A sensibilidade de Adeílson ao abordar o estudante virou assunto em noticiário nacional. Já em tratamento na Salve a Si, viajou de avião pela primeira vez na vida para participar do programa “Caldeirão do Huck”, da TV Globo, onde ganhou R$ 20 mil no quadro “Agora ou Nunca”. Desapegado, doou o dinheiro para a mãe e para a Salve a Si.

Foto: Hugo BarretoJá regenerado, cultua o hábito de voltar com frequência à casa que o reabilitou para ensinar marcenaria aos homens que tentam se afastar do crack, da maconha, da cocaína ou do álcool. Entre uma instrução e outra, torna público seu poderoso testemunho.

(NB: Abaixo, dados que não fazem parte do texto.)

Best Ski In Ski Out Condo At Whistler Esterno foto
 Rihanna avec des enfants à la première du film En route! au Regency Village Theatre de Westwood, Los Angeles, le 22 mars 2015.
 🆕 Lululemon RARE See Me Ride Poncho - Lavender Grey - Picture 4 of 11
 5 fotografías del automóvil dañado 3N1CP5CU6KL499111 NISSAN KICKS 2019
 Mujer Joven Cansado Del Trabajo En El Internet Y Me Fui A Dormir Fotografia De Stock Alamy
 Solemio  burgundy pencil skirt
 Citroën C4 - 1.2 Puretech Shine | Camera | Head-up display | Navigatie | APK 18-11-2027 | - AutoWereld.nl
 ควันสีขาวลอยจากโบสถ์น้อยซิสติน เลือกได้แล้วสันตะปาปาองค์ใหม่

Apesar da vitoriosa volta por cima, Adeílson sabe que poucos vão conseguir trilhar um caminho semelhante ao seu. Fala com a experiência de quem já viu dezenas de colegas padecerem perante o vício, impressão corroborada por preocupantes indicadores da Organização Mundial de Saúde (OMS): a cada 10 dependentes de crack, apenas dois conseguem ficar em sobriedade por mais de cinco anos.

Ao olhar a foto com aparência esquálida de quatro anos atrás, Adeílson não se envergonha. Pelo contrário, faz questão de mostrá-la. É uma forma que tem de resgatar o renovador, inspirador e sempre atualizado discurso: “Sempre é possível vencer, basta acreditar”, reflete.